Does the Future of Plaintiff ESI Production Include Facebook?
A Pennsylvania judge recently issued an expansive ruling about electronically stored information (ESI) and the growing trend for defendants to request plaintiffs’ Facebook passwords in the case of Trail v. Lesko, No. GD-10-017249 (C.P. Alleg. Co. July 3, 2012 Wettick, J). The court looked at numerous Pennsylvania cases with eDiscovery Facebook issues to glean a common logical trend: The courts require a “threshold” showing of relevant information on the public portion of the person’s account in order to gain access to the private portion of the account.
Federal courts have also grappled with this 21st century discovery issue. The Trail opinion mentions a federal employment discrimination case where the judge found, “The main challenge in this case is not one unique to electronically stored information…Rather the challenge is to define appropriately broad limits—but limits nonetheless—on the discoverability of social communications in light of a subject as amorphous as social and mental health, and to do so in a way that provides meaningful direction to the parties.” EEOC v. Simply Storage Mgmt., 270 F.R.D. 430, 434 (S.D. Ind. 2010). The court went on to order the Facebook account produced, but only the limited time period related to the allegations of the case, and claimed that allegations of emotional distress inevitably results in this type of relevant documents and data.
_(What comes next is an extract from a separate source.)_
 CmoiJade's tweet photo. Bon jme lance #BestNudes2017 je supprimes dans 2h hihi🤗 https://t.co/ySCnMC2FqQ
Plaintiff ESI production for class action lawsuits are typically less voluminous than the defense production, but not less burdensome when plaintiffs are individuals spread across the country or even the world. Social media accounts, in particular, are increasingly areas of focus in complex litigation. Federal case law, including the above-mentioned EEOC case, is leaning in the direction of social media as discoverable, but there still must be a more demonstrable need than simple fishing expeditions.